Ketika ditunjuk untuk menggantikan Gita  Wiryawan yang mengundurkan diri dari Kemendag per 1 Pebruari 2014 lalu, Presiden Susilo Bambang Yudhoyono menyebutkan Muhammad Lutfi telah lulus dari ‘fit and proper test’ atau uji kelayakan dan kepatutan guna memangku kekuasaan, dan sekaligus  menjalankan kebijakan terkait dengan perdagangan nasional. Ke pundak Mendag Muhammad Lutfi yang pernah memangku Kepala Badan Koordinasi Penanaman Modal (BKPM) itu lantas diletakkan tugas organisasional dan operasional antara lain ialah untuk  menstabilisasikan harga berbagai barang atau produk di pasar-pasar domestik, memulihkan dan meningkatkan ekspor nasional, aktif melakukan diplomasi effektif di tengah berbagai ajang kerjasama ekonomi dunia. Seperti Group – 20 (G-20), Association South East Asian Nation (ASEAN), Asia Pacifik Economic Cooperation (APEC), termasuk World Trade Organization (WTO). Untuk  menjaga, menyelamatkan, dan mempertahankan kepentingan ekonomi dan perdagangan nasional, tentu saja.

Berkenaan dengan itu pula, kehadiran Muhammd Lutfi yang mantan Duta Besar (Dubes) RI di Tokyo, Jepang, di Kemendag untuk waktu yang tidak sampai selama setahun ini, dunia perdagangan nasional diharapkan akan membawa Kemendag bergerak lebih dinamis lagi, bersemangat kerakyatan, seperti diperintahkan Pancasila dan Undang Undang Dasar (UUD) 1945 produk 18 Agustus 1945. Tapi, bisa atau tidak Mendag Muhammad Lutfi memenuhi harapan itu, sebaiknya disimak saja dulu sepak terjangnya beberapa pekan ke depan ini. Sejarah mencatat, masuknya tokoh Muhammad Lutfi ke Kemendag hanya berselang sehari sebelum DPR RI menyetujui RUU Perdagangan untuk disyahkan menjadi UU Perdagangan baru bagi bangsa dan NKRI, mengganti perundang-undangan produk kolonialis Belanda yang berusia uzur, 80 tahun, dan sudah ‘out of date’ jika terus diterapkan bangsa dan NKRI seperti selama ini.

DIPLOMASI PERDAGANGAN

ADALAH kenyataan empiris, betapa sejak awal berkuasa lewat Kabinet Indonesia Bersatu I & II pada tahun 2004 hingga sampai menjelang berakhirnya periode ke-II sekarang, rezim pemerintah Presiden Susilo Bambang Yudhoyono, bisa dikatakan tidak begitu berhasil mencetak prestasi yang layak disaluti segenap rakyat. Terutama lagi rakyat pada tingkat akar rumput, dan termarjinalkan lainnya.

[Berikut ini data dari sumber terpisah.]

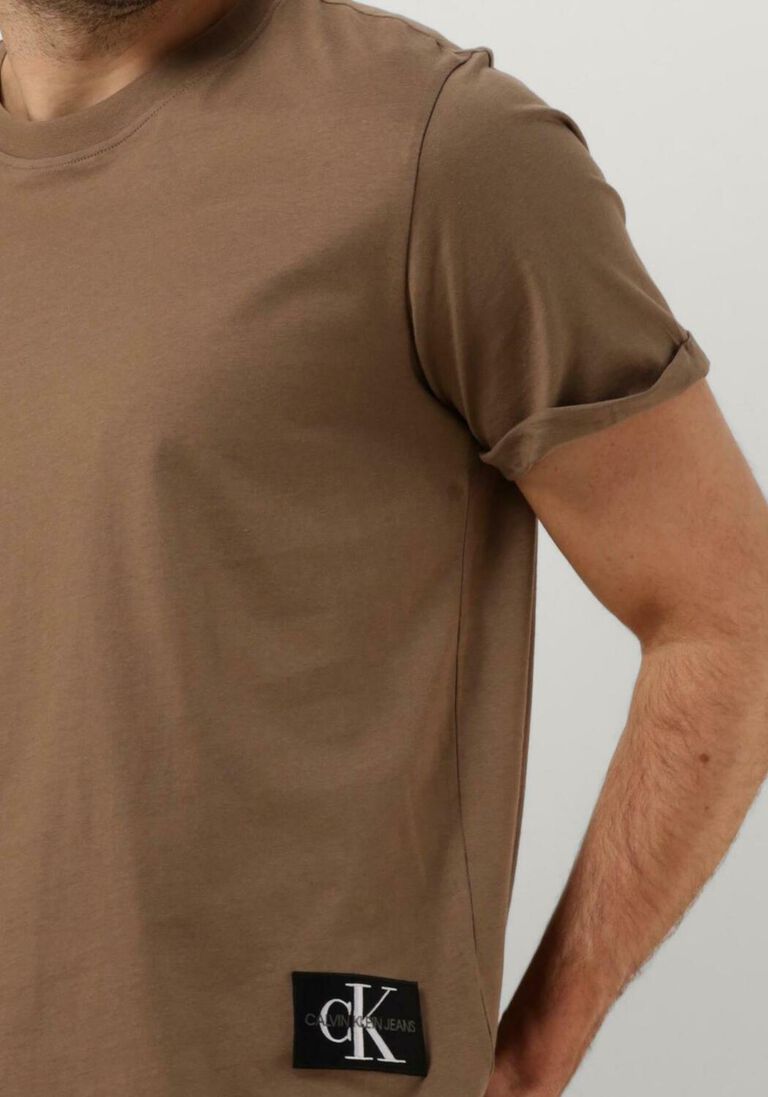 CALVIN KLEIN bruine calvin klein t-shirt badge turn up sleeve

Dalam hal ini, berupa suatu kondisi positif dan konstruktif yang secara jelas dan gamblang memperlihatkan telah tercapai peningkatan, atau kemajuan ekonomi nasional. Dalam kreasi aktivitasi perdagangan domestik atau lokal, regional, dan internasional, terkait ekspor berbagai komoditas, atau produk nasional.

Di pasar regional, dan internasional, berbagai komoditas, atau produk nasional dari bumi Garuda nyaris terus menerus menghadapi tekanan-tekanan.    Bermacam tudingan negatif, sebagai dalih untuk menolak selalu dilemparkan    terhadap segala komoditas atau produk  ekspor nasional. Akibatnya,  banyak dari komoditas, atau produk ekspor nasional yang terpaksa harus menyingkir dari pasar regional, dan internasional.

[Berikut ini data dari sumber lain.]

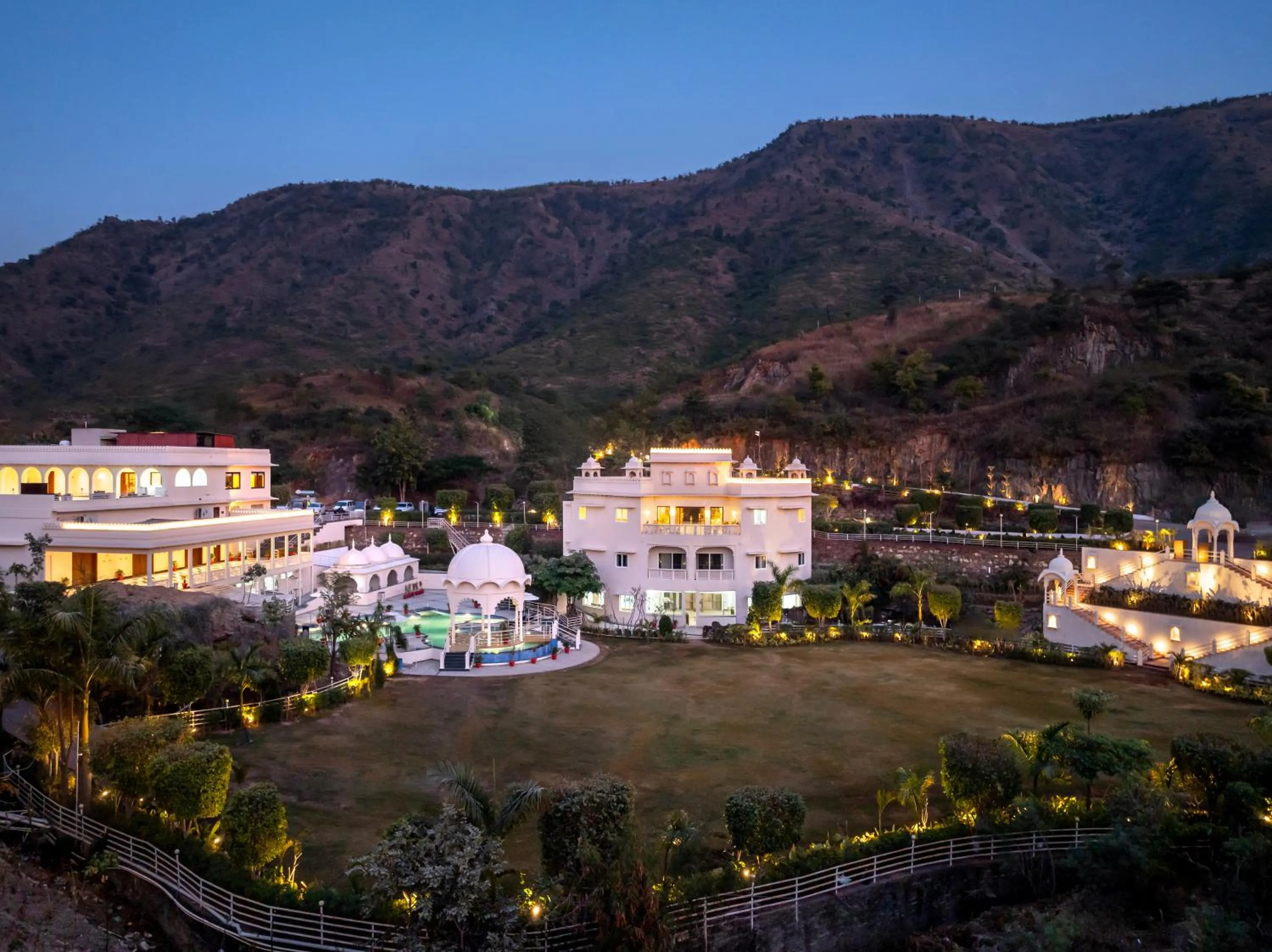 Property building in Sayaji Resorts & Spa Udaipur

Celakanya, situasi yang amat sangat merugikan rakyat dan dunia usaha atau dunia industri selaku produsen aneka komoditas dan produk tersebut, seperti diterima rezim pemerintah Presiden Susilo Yudhoyono nyaris pasrah begitu saja, tanpa  upaya atau perlawanan politik yang berarti. Bukan cuma untuk menyelamat “wajah” seluruh bangsa dan NKRI. Sekaligus juga guna menjaga kelangsungan akses dan eksistensi ekspor beragam komoditas atau produk produk nasional di pasar global. Rezim pemerintah Presiden Susilo Bambang Yudhoyono, yang senyatanya lebih gemar beretorika, bahkan mencitrakan diri, cuma bereaktif dingin saja. Tim ekonominya, terlebih pada struktur Kabinet Indonesia Bersatu II selama periode kedua kurun 5 tahun sekarang, yang dipimpin Menteri Koordinator (Menko), Hatta Rajasa, tampak amat jelas kurang sigap dan tidak gencar melakukan diplomasi perdagangan.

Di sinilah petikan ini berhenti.